Please print every line of the material below exactly.

--- Recorded data ---
------------------------------------------------

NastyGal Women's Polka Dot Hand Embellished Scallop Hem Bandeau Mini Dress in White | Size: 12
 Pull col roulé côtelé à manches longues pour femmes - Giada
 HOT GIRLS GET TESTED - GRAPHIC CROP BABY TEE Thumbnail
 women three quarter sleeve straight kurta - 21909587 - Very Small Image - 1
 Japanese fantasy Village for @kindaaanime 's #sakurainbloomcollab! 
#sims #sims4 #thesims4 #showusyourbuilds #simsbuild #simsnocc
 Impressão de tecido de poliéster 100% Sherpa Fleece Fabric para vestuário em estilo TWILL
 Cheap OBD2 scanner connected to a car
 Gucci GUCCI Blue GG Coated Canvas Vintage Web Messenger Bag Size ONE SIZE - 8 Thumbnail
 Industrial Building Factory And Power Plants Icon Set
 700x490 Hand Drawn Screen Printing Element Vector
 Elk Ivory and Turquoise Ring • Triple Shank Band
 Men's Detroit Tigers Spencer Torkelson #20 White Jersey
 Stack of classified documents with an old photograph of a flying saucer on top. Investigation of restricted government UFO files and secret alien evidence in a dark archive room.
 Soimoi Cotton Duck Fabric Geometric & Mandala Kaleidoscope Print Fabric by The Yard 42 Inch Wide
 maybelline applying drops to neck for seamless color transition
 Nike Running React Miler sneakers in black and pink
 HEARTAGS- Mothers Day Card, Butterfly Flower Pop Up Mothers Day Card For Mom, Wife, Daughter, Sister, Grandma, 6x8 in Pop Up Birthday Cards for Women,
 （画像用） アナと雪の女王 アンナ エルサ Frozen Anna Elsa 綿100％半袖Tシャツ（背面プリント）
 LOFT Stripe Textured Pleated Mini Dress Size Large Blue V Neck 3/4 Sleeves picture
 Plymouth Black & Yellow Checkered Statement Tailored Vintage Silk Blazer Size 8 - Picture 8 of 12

------------------------------------------------

--- Solution to this problem ---
NastyGal Women's Polka Dot Hand Embellished Scallop Hem Bandeau Mini Dress in White | Size: 12
 Pull col roulé côtelé à manches longues pour femmes - Giada
 HOT GIRLS GET TESTED - GRAPHIC CROP BABY TEE Thumbnail
 women three quarter sleeve straight kurta - 21909587 - Very Small Image - 1
 Japanese fantasy Village for @kindaaanime 's #sakurainbloomcollab! 
#sims #sims4 #thesims4 #showusyourbuilds #simsbuild #simsnocc
 Impressão de tecido de poliéster 100% Sherpa Fleece Fabric para vestuário em estilo TWILL
 Cheap OBD2 scanner connected to a car
 Gucci GUCCI Blue GG Coated Canvas Vintage Web Messenger Bag Size ONE SIZE - 8 Thumbnail
 Industrial Building Factory And Power Plants Icon Set
 700x490 Hand Drawn Screen Printing Element Vector
 Elk Ivory and Turquoise Ring • Triple Shank Band
 Men's Detroit Tigers Spencer Torkelson #20 White Jersey
 Stack of classified documents with an old photograph of a flying saucer on top. Investigation of restricted government UFO files and secret alien evidence in a dark archive room.
 Soimoi Cotton Duck Fabric Geometric & Mandala Kaleidoscope Print Fabric by The Yard 42 Inch Wide
 maybelline applying drops to neck for seamless color transition
 Nike Running React Miler sneakers in black and pink
 HEARTAGS- Mothers Day Card, Butterfly Flower Pop Up Mothers Day Card For Mom, Wife, Daughter, Sister, Grandma, 6x8 in Pop Up Birthday Cards for Women,
 （画像用） アナと雪の女王 アンナ エルサ Frozen Anna Elsa 綿100％半袖Tシャツ（背面プリント）
 LOFT Stripe Textured Pleated Mini Dress Size Large Blue V Neck 3/4 Sleeves picture
 Plymouth Black & Yellow Checkered Statement Tailored Vintage Silk Blazer Size 8 - Picture 8 of 12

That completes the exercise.